They exchanged numbers and promised to meet again, like two school friends who had bumped into each other at the crowded marketplace, after ages, after ageing.

Anna decided to walk back home. Along the trails of the monstrous peepal trees firmly rooted inside the deep brown earth that had let water seep into it, like a lover’s seeds. This was the road she took every evening back home, to that lonely mansion of hers. That mansion full of servants dressed in starched whites, as if they were celebrating. Food, that a lost twenty something mistress of the house didn't want to taste.
Celebrating sounds of silence that deafened her, mocked her, flailing on the edges of her sanity everyday.

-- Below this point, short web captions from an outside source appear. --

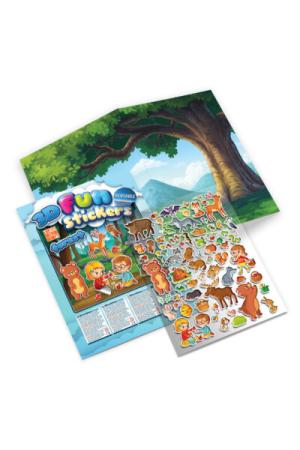 3D Fun Stickers - Forest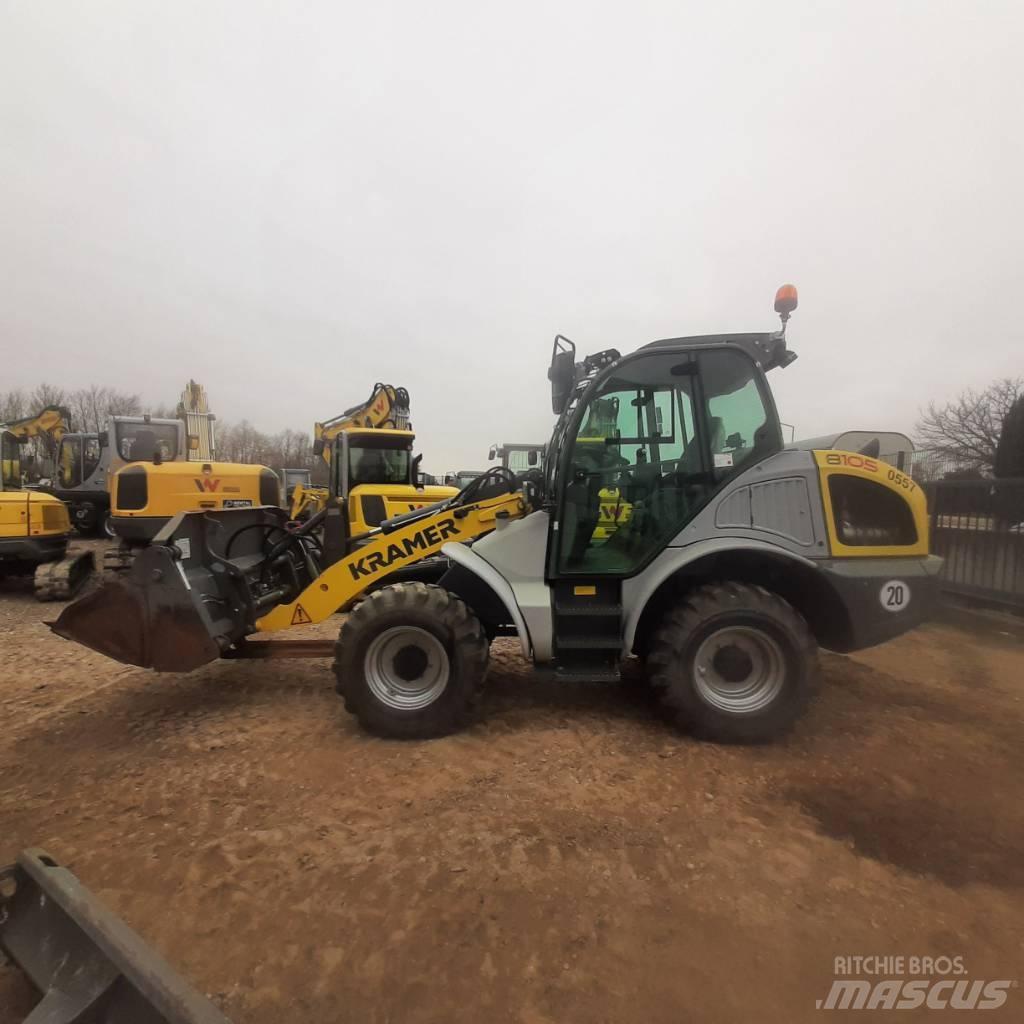 Kramer 8105 Wheel loaders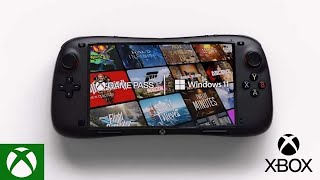 Xbox Handheld Official Release Date and Hardware Details  Xbox Handheld Trailer [upl. by Stewart719]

This mansion was her Cinderella story. The pink silk curtains that swayed to the careless call of air, the lights that spilled gold lavishly on leather sofas and carpets that were laid out for guests, that were strangers to guests.
The pictures that had breathed life into empty silver frames, wooden stairs polished and neatly scrubbed, rooms that only saw the door being banged at their face and a battery of cooks who only ate and were growing fat with not much work at their disposal. The study was her favourite place in the house. A place she quietly retired to when the moonlight barged into the house and amidst the classics arranged across shelves that had never tasted dust, she found a story or two that she could slip into.
This was her crawling space, she used to hate, that gagged her but still was her most loved hideout.
.
After having dinner which was a scrumptious meal, unlike the tasteless soups and salads she force fed herself every night, she decided to stay awake and curl up with her favourite book. Tomorrow will be the day when she will meet that handsome man.
The man who had scratched the surface of a wound that had was refusing to heal.

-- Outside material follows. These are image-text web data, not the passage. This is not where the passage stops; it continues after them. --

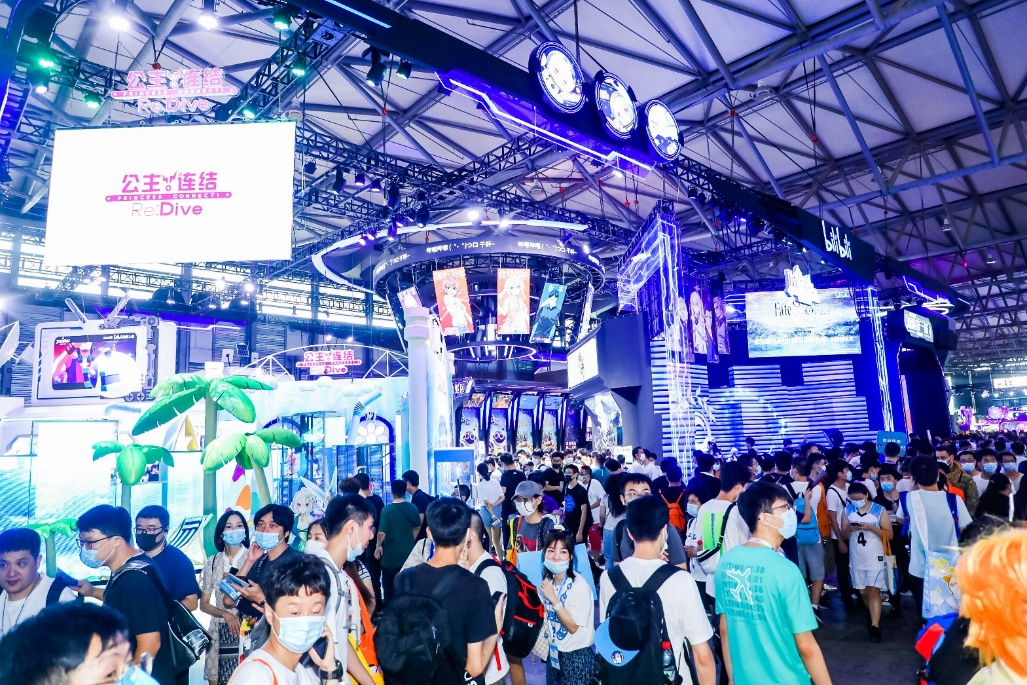 打破次元壁，你的幻想世界来了！ B站确认参展2021 ChinaJoy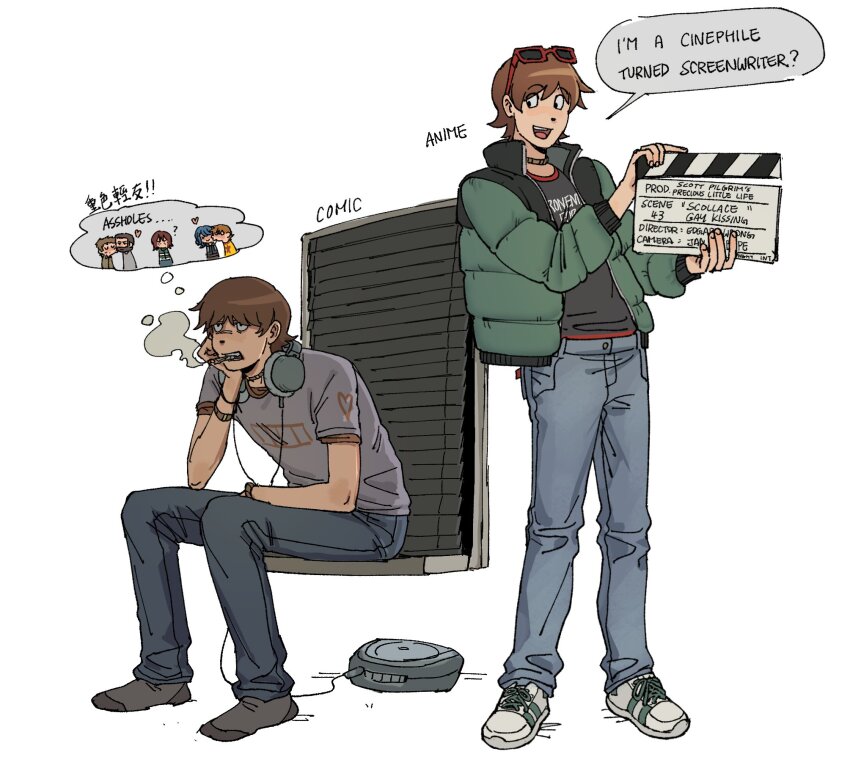 Joseph (Scott Pilgrim) Rule 34 Image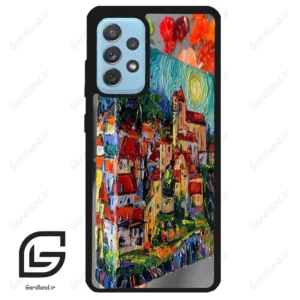 قاب گوشی سامسونگ ای 52 (Galaxy A52 ) طرح نقاشی کد 2766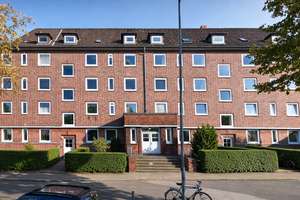 Attraktive Kapitalanlage in Hamburg-Ottensen | Vermietete 2-Zimmer-Wohnung mit WG-Potenzial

They decided to meet at one of those posh malls in South Delhi. Father Fredrick felt, that this was one place that his colleagues never visited most of whom went on missions in the starving locales of the city. She seated herself on one of the large tables laid outside those coffee shops that charged ten times for a coffee that Mrs.Demonte, her housekeeper brewed for free, every evening.
“Anna, how are you?”, inquired a hoarse voice from the other end of the mall.

She saw a visibly animated Father Fredrick waving at her, with the zest of a young teenager, who was out on a date with his lady love, for the very first time. She ran towards him, clutching tightly to the mug of coffee which by now had spilled all over the place and attracted quite a few eyeballs. The people around her couldn't understand the reasons behind this furious public display of affection.
She was yearning to hug him, and melt in his manly arms, that she thought were also wanting to burn against her golden honey skin with not a care of the world.
“How are you today, father?”
“I am well Anna. Would you mind calling me Fred?”
“Of course father. Oh I mean Fred.”
She always wished to address him as Fred.

They decided to take a walk across the mall. For Father Fredrick, this was a new experience, very different from the dingy quiet four walls of the Bishop’s house he had lived in, for a lifetime. They kept walking across the length and breadth of the place gleaming in golden lights, sometimes brushing past each other, knowingly in an act of frivolous fondness, that was waiting to peel the parchment of their lover’s skin.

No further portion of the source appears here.